**TASK TO COMPLETE:**
Give back exactly the lines of the material below, starting with the line with "EMMEL REFINES（エメルリファインズ）の「＜EMMEL REFINES＞EM" and going on through the line with "4PCS Silver".

**INPUT FOR THIS TASK:**
►
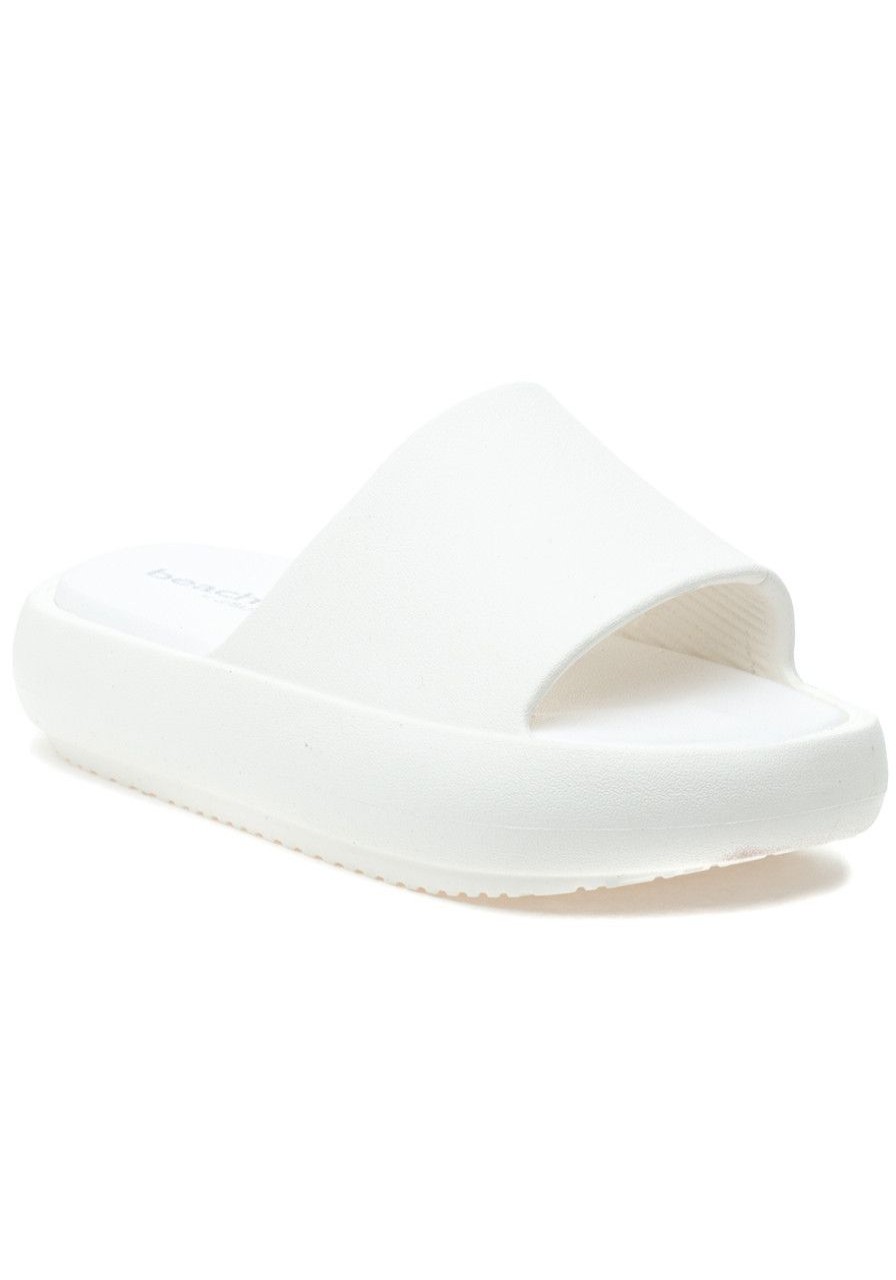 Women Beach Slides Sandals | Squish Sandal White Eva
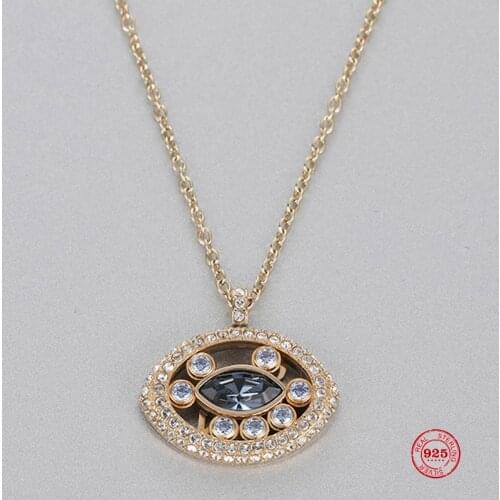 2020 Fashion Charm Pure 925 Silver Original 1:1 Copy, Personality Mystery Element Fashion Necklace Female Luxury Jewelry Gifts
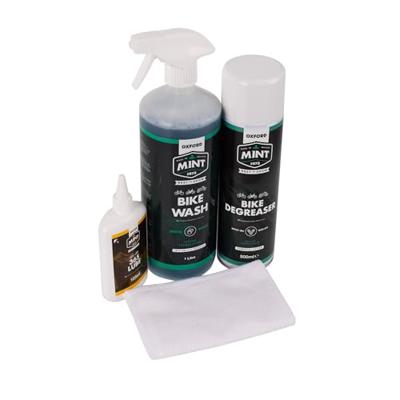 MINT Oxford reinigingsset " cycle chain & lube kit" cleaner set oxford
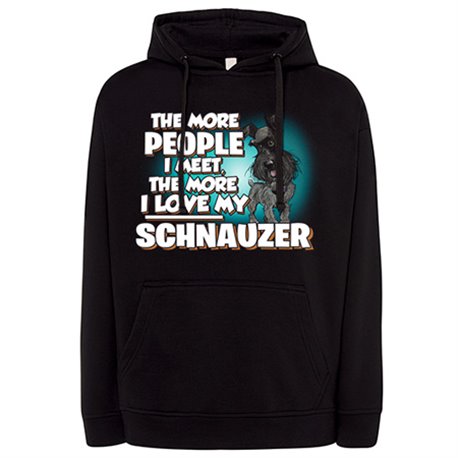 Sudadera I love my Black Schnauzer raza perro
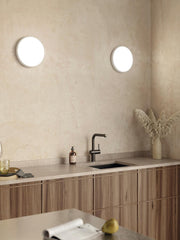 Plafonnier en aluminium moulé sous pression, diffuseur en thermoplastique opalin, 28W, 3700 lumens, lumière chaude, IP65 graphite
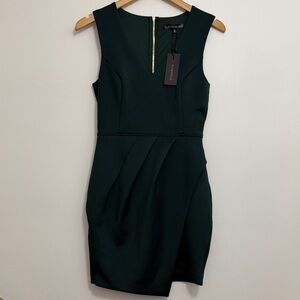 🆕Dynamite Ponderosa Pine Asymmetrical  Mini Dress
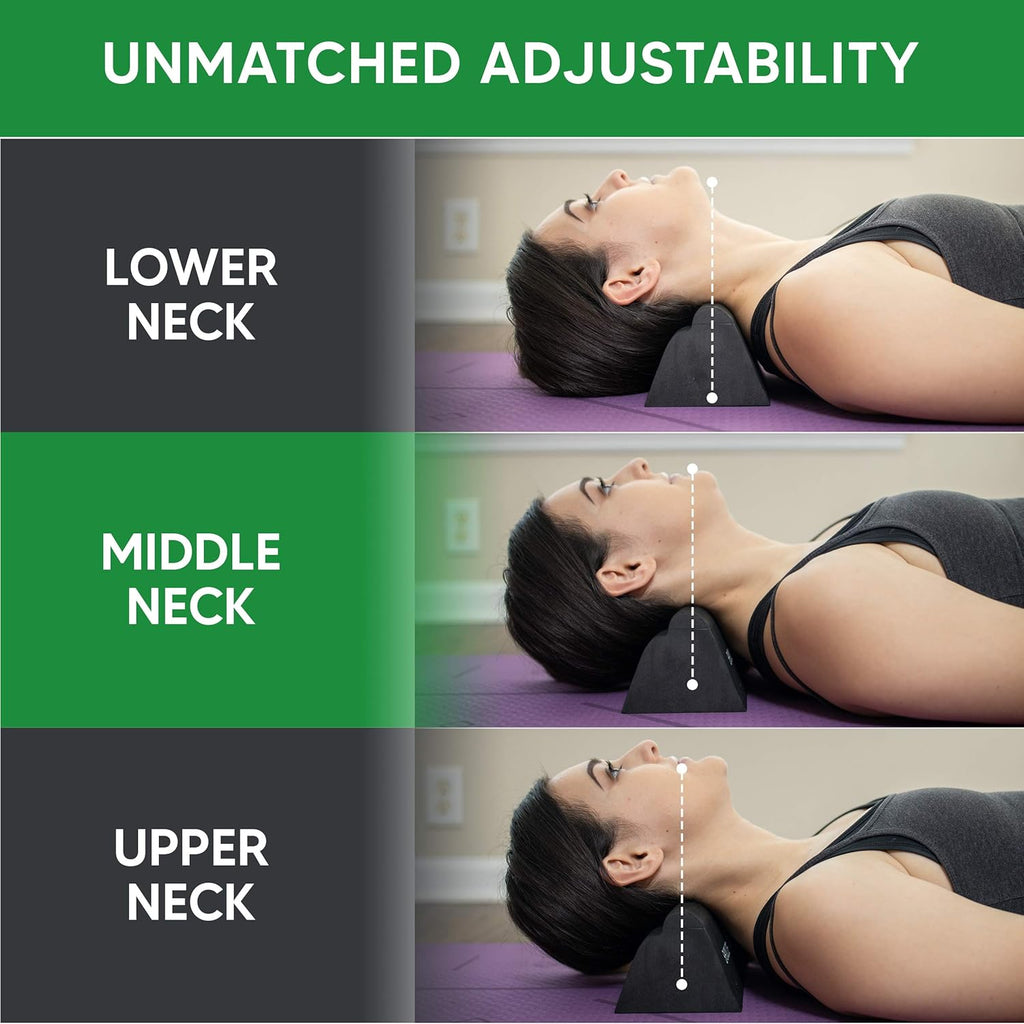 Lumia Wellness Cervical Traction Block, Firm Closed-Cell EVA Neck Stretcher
◄
►
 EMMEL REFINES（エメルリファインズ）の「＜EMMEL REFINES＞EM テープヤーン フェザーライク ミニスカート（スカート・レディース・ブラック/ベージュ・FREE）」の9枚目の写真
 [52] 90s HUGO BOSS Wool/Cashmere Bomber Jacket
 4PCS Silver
◄
**RESULT:**
 EMMEL REFINES（エメルリファインズ）の「＜EMMEL REFINES＞EM テープヤーン フェザーライク ミニスカート（スカート・レディース・ブラック/ベージュ・FREE）」の9枚目の写真
 [52] 90s HUGO BOSS Wool/Cashmere Bomber Jacket
 4PCS Silver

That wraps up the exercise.